Task directions: Give back every entry precisely as written, without any of the images.

Start of Material for this exercise

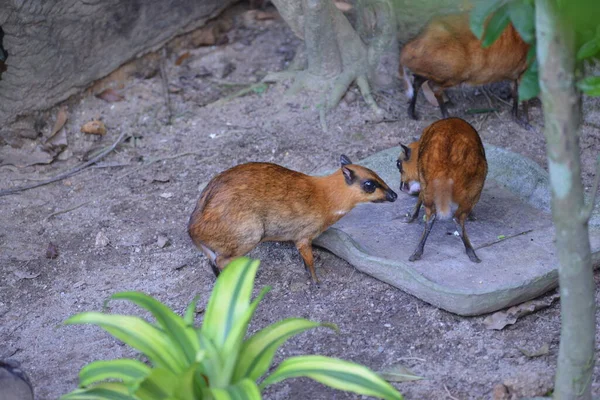 Petits Cerfs Souris Dans Zoo — Photo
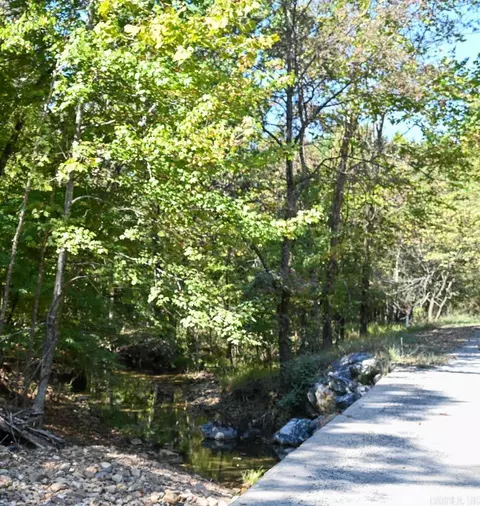 21 Moon Dance Rd, Mount Ida, AR 71957 photo 13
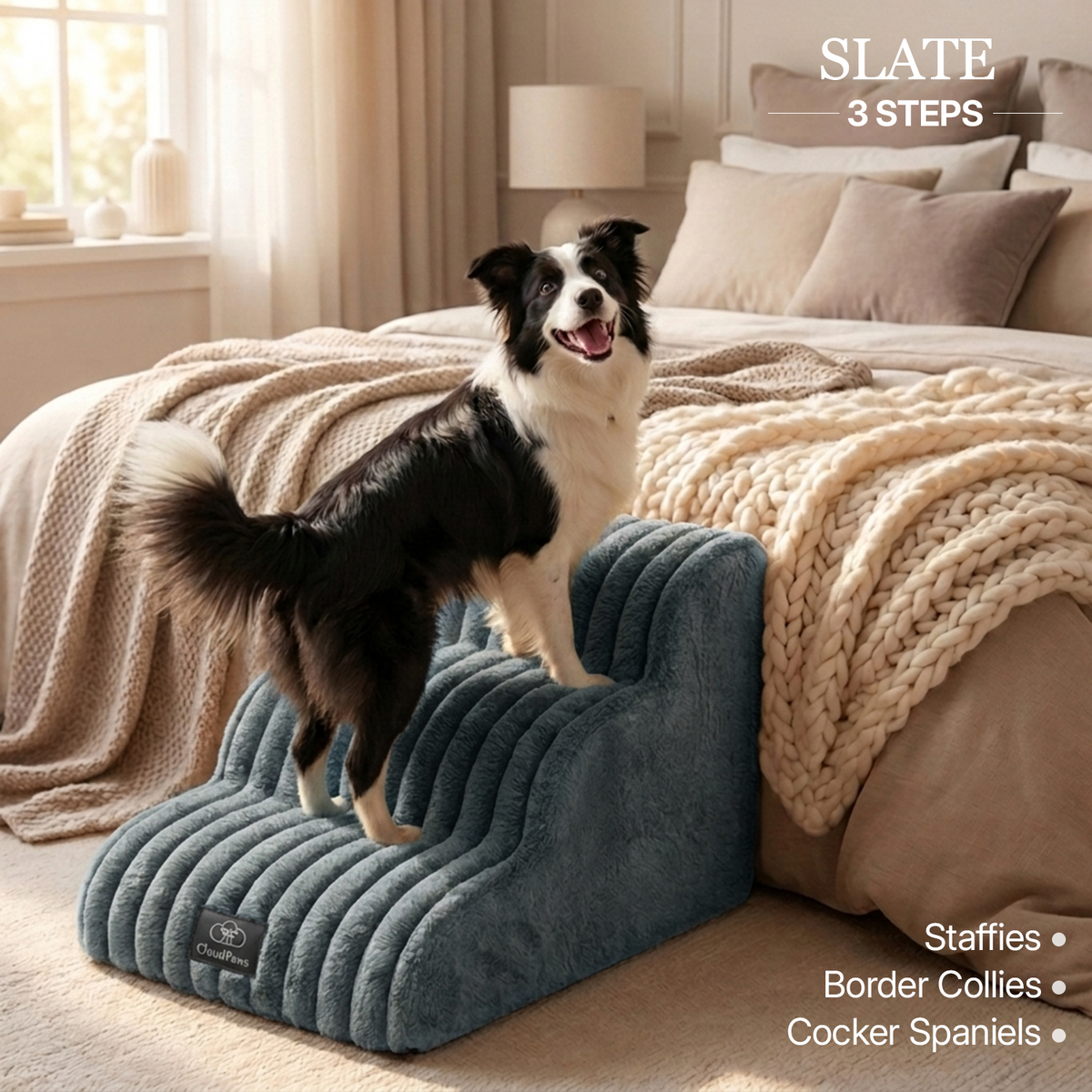Injury Prevention Comfort Stairs by CloudPaws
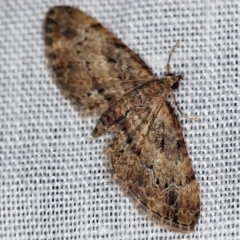 Chloroclystis approximata (Plumed or Cherry Looper) at Paddys River, ACT - 9 May 2018 by ibaird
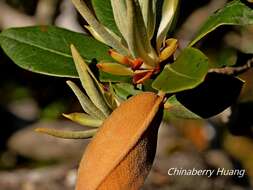 صورة Rhododendron hyperythrum Hayata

End of Material for this exercise

Expected answer:
 Petits Cerfs Souris Dans Zoo — Photo
 21 Moon Dance Rd, Mount Ida, AR 71957 photo 13
Injury Prevention Comfort Stairs by CloudPaws
 Chloroclystis approximata (Plumed or Cherry Looper) at Paddys River, ACT - 9 May 2018 by ibaird
 صورة Rhododendron hyperythrum Hayata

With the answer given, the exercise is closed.